![The icycle thief](https://kumkoniak.com/94.jpg)
Inspiring filmmakers across the world as an alternative to expensive Hollywood fantasy, The Bicycle Thief revealed the potential power of combining local concerns with an unflinching cinematic style. An even greater international sensation than his first Neo-Realist film ( Shoeshine (1946)), The Bicycle Thief earned a special Oscar for Best Foreign Film and became a signature work for a movement that also included Bitter Rice (1948), Luchino Visconti's La Terra Trema (1948), and De Sica's Umberto D. Shooting on location with non-professional actors in the two leads (well-coached by actor De Sica), De Sica's mobile camera transforms moments of Antonio's odyssey into poetic images of isolation and despair, while never losing sight of the gritty hardships of quotidian experience. Following the guiding Neo-Realist precept of drawing stories from the daily life of post-war Italy, De Sica and writer Cesare Zavattini carefully interweave a wider view of Italian culture with a portrait of the bond between a father and son, revealing the impact of poverty and bureaucratic absurdities on one of many struggling families.
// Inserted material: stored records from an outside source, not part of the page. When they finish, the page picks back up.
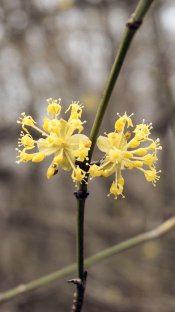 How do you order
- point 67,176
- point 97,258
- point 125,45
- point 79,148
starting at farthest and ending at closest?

Bicycle Thieves may seem like an improbable gateway to the glamorous golden age of Italian cinema, the starry, sexy cosmos of Loren, Gina Lollobrigida and La Dolce Vita, but sensuality.
![the icycle thief the icycle thief](https://cdn.shopify.com/s/files/1/0037/8008/3782/products/italian_1sh_bicycle_thief_R19_EB08824_B_bb830475-b10e-4e67-89e1-3af226ad32b3-741601_1024x1024@2x.jpg)
![the icycle thief the icycle thief](https://www.highbrowmagazine.com/sites/default/files/2bicyclethieves.jpg)
Though not the first Italian Neo-Realist film seen outside of Italy (or even Vittorio De Sica's first Neo-Realist work), The Bicycle Thief (1948) is considered the seminal film of the movement, alongside Roberto Rossellini's Rome, Open City (1945).